Why does Yahoo think AnyCoupons sends SPAM?

As I started to investigate why AnyCoupons was targeted by Yahoo as a spammer, I found that Yahoo bases its rating on information provided by McAfee. The McAfee report on AnyCoupons was interesting. When I first saw the Sample Inbox (see image below), I thought it was a sample of what the inbox might have looked like. As I viewed reports for other websites, I realized it was a partial list of e-mails that were received when McAfee tested AnyCoupons. I am guessing that McAfee registers with a random-looking e-mail address and then watches the inbox. The e-mail address assigned to AnyCoupons received 22 in a week last October. The only problem is that we didn’t send them and we didn’t sell the address. We don’t send SPAM and we never sell our members’ information.

Correcting Their Mistakes

Now you’re thinking that it’s a mistake and it should be easy to get it fixed. Welcome to my hell.

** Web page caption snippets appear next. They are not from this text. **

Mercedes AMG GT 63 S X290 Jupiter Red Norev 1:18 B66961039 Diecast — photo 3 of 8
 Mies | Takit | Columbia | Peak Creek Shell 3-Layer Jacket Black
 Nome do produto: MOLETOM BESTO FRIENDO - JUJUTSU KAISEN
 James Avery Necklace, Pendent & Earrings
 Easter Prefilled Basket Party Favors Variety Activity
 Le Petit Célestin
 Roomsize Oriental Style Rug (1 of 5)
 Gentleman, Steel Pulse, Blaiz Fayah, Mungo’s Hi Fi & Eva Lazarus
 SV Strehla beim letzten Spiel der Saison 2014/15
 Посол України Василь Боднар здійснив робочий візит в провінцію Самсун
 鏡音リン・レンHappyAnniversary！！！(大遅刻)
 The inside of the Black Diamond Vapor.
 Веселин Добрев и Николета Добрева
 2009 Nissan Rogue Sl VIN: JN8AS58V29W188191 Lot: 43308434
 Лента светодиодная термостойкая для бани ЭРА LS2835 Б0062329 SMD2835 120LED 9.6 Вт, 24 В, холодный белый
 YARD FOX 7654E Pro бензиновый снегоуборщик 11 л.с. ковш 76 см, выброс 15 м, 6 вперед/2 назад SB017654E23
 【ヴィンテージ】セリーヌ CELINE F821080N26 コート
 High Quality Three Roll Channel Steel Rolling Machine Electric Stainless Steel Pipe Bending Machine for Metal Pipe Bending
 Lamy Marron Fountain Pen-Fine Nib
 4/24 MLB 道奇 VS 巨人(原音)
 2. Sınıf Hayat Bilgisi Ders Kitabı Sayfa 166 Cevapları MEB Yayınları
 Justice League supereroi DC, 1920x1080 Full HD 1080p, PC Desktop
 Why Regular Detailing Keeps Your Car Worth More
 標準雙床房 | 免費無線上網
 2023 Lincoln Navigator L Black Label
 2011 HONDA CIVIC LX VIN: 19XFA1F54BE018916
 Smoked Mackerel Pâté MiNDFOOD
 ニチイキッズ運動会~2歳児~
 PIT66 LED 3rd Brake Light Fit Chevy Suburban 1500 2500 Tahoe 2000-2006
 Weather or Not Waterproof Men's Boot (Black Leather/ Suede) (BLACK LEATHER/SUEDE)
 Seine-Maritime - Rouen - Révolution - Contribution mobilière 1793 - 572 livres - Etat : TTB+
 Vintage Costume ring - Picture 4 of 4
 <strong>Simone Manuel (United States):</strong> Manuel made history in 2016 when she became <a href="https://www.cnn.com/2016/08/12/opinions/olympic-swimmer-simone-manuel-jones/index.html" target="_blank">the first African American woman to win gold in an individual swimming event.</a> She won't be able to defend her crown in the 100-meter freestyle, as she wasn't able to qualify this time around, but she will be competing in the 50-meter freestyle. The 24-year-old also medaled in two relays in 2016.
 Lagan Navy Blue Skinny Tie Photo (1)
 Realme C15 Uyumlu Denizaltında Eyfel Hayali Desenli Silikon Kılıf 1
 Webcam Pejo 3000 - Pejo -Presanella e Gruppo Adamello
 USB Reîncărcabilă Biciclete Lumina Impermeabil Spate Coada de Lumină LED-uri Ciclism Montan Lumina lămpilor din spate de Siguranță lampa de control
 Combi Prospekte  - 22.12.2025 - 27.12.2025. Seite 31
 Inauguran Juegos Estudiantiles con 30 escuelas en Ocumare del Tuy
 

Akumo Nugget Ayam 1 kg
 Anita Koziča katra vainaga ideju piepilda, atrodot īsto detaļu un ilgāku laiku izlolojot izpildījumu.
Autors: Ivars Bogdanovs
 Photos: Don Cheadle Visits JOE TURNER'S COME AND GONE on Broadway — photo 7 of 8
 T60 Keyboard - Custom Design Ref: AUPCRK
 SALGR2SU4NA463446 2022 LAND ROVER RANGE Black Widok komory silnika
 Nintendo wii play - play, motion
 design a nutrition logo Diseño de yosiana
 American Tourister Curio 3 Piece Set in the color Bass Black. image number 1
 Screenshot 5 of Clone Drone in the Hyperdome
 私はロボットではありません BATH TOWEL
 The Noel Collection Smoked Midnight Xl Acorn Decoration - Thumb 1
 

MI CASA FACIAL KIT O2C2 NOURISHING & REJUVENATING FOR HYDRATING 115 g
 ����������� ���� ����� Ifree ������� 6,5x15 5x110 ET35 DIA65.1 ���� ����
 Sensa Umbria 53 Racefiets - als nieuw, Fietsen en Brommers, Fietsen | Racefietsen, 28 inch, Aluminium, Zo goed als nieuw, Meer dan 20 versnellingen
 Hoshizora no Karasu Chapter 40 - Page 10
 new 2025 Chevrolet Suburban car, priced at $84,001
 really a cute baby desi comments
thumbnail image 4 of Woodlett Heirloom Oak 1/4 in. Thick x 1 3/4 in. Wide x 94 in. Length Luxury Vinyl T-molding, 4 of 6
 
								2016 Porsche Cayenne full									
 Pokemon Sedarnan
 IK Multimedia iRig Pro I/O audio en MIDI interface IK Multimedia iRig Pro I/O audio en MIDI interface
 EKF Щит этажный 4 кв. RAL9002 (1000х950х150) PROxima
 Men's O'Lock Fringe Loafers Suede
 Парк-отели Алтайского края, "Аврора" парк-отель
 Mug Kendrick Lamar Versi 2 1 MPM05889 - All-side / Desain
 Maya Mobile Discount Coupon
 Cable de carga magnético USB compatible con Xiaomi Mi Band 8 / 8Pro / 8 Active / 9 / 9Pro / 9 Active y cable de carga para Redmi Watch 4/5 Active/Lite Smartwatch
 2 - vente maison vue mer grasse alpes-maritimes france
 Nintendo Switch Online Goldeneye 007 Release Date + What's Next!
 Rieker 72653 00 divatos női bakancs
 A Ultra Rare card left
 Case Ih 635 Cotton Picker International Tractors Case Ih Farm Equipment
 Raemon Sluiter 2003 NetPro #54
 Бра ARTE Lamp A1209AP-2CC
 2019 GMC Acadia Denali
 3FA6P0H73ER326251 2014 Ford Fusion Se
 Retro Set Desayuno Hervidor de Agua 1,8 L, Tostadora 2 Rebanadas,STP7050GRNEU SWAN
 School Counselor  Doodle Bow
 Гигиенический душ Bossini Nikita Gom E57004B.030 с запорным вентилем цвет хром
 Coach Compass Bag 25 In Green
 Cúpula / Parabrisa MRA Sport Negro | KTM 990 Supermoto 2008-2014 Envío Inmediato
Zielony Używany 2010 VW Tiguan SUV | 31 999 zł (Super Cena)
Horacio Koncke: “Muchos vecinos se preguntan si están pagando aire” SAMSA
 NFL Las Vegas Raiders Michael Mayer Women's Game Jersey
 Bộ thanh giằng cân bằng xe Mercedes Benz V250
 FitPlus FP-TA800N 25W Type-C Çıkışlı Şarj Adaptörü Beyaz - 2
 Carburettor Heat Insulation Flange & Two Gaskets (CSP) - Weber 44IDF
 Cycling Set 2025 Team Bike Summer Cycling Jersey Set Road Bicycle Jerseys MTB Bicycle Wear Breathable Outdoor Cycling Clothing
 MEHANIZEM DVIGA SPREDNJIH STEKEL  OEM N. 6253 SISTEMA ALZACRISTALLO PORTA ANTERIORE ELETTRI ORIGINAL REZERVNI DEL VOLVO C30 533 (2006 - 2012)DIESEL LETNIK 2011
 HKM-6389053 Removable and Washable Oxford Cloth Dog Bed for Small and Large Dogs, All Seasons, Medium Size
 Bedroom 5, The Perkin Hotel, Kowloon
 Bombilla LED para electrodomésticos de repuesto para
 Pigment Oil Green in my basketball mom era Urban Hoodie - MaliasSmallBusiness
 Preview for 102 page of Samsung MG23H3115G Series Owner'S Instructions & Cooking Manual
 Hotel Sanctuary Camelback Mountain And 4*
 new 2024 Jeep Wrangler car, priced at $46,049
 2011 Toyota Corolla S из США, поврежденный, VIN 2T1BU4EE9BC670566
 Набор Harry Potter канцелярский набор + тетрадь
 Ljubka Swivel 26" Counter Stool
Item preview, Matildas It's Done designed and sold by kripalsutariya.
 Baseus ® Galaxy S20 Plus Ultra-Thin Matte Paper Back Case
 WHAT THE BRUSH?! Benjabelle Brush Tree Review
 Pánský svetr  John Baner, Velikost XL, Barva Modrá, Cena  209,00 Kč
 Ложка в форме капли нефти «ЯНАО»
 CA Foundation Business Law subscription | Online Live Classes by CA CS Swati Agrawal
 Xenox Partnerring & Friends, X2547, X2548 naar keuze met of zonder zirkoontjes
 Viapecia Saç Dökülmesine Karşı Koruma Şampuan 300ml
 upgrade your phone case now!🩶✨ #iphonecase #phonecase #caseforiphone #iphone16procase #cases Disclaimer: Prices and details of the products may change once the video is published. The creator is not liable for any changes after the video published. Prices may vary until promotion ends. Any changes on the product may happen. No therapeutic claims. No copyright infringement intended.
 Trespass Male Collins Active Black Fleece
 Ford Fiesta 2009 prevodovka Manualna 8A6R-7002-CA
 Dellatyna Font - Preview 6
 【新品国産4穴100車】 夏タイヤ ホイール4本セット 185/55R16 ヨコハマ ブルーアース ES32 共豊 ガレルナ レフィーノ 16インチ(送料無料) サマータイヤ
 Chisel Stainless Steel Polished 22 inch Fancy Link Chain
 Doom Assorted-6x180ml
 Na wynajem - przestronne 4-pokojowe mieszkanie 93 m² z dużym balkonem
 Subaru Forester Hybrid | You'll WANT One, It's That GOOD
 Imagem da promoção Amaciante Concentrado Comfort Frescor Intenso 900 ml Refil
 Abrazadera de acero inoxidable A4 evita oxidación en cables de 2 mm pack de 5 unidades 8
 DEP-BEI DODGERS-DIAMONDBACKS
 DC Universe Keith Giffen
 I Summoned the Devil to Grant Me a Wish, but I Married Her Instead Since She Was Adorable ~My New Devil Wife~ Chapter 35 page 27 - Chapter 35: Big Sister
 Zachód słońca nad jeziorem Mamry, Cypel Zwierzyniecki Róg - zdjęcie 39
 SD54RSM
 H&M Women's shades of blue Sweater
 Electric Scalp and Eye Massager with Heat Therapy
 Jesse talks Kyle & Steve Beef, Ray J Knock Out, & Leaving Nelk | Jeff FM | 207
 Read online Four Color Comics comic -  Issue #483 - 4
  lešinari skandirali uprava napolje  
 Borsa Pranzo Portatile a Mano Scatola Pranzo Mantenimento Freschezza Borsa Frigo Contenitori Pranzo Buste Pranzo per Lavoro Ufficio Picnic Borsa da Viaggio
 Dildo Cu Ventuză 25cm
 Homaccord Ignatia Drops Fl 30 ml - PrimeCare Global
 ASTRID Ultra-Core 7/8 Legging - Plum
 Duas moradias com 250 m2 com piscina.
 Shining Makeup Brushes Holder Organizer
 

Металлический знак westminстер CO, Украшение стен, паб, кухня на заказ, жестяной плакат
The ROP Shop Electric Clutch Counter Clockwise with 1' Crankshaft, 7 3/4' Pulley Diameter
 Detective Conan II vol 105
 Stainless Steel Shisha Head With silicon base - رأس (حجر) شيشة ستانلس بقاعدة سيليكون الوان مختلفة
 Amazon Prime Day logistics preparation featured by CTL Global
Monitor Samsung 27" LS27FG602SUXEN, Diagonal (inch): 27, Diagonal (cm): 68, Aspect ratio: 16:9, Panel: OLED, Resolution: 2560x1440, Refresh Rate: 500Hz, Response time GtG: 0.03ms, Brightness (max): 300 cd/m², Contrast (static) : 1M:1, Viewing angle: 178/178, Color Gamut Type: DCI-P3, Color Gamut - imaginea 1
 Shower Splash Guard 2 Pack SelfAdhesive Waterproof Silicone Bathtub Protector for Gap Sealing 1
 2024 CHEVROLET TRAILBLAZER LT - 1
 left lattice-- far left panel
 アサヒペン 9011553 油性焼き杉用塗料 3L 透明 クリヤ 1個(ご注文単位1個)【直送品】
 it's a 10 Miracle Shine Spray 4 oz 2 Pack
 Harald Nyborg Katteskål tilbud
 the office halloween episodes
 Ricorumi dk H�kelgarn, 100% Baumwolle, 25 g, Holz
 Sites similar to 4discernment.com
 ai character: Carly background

I submitted the form at McAfee to fix it. I didn’t expect to hear anything back and I have not.

I submitted the Ratings Dispute for at Yahoo. There is a form specifically for this issue so I knew that Yahoo would look at it, see its mistake and fix it. Why else would Yahoo have a form for this if it weren’t going to do anything about it. Here’s the response I received:

From: Yahoo! Search Webmaster [mailto:search-webmaster@cc.yahoo-inc.com]

Sent: Saturday, May 10, 2008 11:27 AM

To: David Lewis

Subject: Re: Rating Dispute (KMM124900088V43986L0KM)

Hello David,

Thank you for writing to Yahoo! Search Webmaster.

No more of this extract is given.